(Data for this exercise)
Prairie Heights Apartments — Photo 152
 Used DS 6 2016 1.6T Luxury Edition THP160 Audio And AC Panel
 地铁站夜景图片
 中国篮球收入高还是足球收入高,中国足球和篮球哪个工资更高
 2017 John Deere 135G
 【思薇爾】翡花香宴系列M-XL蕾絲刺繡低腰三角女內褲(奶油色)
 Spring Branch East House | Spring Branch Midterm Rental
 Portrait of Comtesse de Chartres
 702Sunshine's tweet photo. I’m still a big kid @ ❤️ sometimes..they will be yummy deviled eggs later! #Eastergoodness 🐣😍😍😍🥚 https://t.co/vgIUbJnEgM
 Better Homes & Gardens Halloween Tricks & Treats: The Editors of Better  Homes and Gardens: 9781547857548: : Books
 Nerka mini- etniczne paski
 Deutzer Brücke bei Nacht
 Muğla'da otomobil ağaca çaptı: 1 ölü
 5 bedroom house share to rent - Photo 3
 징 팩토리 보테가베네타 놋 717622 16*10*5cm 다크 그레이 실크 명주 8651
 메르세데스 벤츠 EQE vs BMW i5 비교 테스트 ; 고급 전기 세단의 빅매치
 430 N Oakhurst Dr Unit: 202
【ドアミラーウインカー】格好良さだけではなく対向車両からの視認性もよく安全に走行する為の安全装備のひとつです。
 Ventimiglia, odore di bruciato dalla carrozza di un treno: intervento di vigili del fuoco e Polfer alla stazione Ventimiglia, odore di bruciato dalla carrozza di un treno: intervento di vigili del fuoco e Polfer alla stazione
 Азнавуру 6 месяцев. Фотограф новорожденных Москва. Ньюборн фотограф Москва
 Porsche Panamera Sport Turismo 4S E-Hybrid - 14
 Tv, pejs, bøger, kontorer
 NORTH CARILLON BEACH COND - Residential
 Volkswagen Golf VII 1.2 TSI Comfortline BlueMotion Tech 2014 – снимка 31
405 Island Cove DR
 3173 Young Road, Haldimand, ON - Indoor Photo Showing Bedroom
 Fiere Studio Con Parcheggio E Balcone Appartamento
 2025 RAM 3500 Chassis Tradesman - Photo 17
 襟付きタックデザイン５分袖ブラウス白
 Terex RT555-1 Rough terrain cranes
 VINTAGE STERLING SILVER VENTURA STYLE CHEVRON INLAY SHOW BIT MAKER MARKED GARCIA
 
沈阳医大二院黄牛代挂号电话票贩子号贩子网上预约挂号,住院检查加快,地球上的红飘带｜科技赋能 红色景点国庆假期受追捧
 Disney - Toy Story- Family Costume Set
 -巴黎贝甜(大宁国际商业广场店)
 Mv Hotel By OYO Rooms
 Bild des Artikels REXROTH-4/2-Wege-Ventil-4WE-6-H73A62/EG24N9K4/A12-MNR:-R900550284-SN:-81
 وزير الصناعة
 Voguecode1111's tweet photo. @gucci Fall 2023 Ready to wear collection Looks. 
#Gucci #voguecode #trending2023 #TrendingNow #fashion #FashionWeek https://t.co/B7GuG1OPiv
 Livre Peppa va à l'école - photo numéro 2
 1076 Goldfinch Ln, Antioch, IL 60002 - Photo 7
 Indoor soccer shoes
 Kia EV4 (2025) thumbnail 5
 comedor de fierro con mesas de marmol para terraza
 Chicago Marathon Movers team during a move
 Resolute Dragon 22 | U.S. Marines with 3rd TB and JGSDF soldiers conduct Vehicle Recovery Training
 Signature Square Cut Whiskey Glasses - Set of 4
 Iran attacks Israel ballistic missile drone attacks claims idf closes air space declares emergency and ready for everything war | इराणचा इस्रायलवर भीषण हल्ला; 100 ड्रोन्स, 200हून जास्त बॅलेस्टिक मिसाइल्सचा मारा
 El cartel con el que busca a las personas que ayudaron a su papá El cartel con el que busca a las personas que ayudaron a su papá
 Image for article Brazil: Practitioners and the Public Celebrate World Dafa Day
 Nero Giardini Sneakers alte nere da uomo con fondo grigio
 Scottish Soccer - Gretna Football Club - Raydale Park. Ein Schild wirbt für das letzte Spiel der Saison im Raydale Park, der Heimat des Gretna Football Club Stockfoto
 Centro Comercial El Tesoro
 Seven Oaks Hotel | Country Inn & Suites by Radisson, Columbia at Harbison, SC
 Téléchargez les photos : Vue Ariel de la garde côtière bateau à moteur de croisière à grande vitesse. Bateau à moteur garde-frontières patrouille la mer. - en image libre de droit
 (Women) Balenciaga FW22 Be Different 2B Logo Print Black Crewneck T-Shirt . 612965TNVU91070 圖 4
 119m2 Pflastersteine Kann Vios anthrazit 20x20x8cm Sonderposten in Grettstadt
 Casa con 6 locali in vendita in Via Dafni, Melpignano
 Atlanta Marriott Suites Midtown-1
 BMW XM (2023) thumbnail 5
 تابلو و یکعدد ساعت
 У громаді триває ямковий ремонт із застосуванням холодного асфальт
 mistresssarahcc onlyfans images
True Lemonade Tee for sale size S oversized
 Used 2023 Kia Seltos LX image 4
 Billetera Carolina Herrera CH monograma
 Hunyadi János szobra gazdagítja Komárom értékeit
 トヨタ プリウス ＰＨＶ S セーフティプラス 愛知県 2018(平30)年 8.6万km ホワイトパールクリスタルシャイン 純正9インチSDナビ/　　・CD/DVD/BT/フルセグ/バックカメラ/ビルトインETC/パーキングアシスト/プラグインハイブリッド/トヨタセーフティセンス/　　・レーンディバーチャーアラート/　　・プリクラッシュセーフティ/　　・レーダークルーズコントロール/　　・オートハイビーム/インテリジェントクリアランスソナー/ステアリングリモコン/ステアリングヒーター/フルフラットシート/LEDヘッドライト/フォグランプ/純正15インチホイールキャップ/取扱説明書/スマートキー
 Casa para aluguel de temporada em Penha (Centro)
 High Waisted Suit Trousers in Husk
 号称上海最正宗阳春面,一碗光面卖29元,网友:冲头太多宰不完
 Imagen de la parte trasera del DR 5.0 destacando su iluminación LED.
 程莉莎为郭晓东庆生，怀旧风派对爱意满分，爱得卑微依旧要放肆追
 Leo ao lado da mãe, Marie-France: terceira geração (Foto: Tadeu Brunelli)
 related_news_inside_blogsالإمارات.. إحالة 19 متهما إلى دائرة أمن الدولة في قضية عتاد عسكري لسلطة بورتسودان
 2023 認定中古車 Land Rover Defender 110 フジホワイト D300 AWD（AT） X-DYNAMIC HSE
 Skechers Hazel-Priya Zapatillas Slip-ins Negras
(End Data for this exercise)
Copy out only the lines of the records above from the one with "NORTH CARILLON BEACH COND - Residential" through the one with "Nero Giardini Sneakers", exactly as they stand, both included.

 NORTH CARILLON BEACH COND - Residential
 Volkswagen Golf VII 1.2 TSI Comfortline BlueMotion Tech 2014 – снимка 31
405 Island Cove DR
 3173 Young Road, Haldimand, ON - Indoor Photo Showing Bedroom
 Fiere Studio Con Parcheggio E Balcone Appartamento
 2025 RAM 3500 Chassis Tradesman - Photo 17
 襟付きタックデザイン５分袖ブラウス白
 Terex RT555-1 Rough terrain cranes
 VINTAGE STERLING SILVER VENTURA STYLE CHEVRON INLAY SHOW BIT MAKER MARKED GARCIA
 
沈阳医大二院黄牛代挂号电话票贩子号贩子网上预约挂号,住院检查加快,地球上的红飘带｜科技赋能 红色景点国庆假期受追捧
 Disney - Toy Story- Family Costume Set
 -巴黎贝甜(大宁国际商业广场店)
 Mv Hotel By OYO Rooms
 Bild des Artikels REXROTH-4/2-Wege-Ventil-4WE-6-H73A62/EG24N9K4/A12-MNR:-R900550284-SN:-81
 وزير الصناعة
 Voguecode1111's tweet photo. @gucci Fall 2023 Ready to wear collection Looks. 
#Gucci #voguecode #trending2023 #TrendingNow #fashion #FashionWeek https://t.co/B7GuG1OPiv
 Livre Peppa va à l'école - photo numéro 2
 1076 Goldfinch Ln, Antioch, IL 60002 - Photo 7
 Indoor soccer shoes
 Kia EV4 (2025) thumbnail 5
 comedor de fierro con mesas de marmol para terraza
 Chicago Marathon Movers team during a move
 Resolute Dragon 22 | U.S. Marines with 3rd TB and JGSDF soldiers conduct Vehicle Recovery Training
 Signature Square Cut Whiskey Glasses - Set of 4
 Iran attacks Israel ballistic missile drone attacks claims idf closes air space declares emergency and ready for everything war | इराणचा इस्रायलवर भीषण हल्ला; 100 ड्रोन्स, 200हून जास्त बॅलेस्टिक मिसाइल्सचा मारा
 El cartel con el que busca a las personas que ayudaron a su papá El cartel con el que busca a las personas que ayudaron a su papá
 Image for article Brazil: Practitioners and the Public Celebrate World Dafa Day
 Nero Giardini Sneakers alte nere da uomo con fondo grigio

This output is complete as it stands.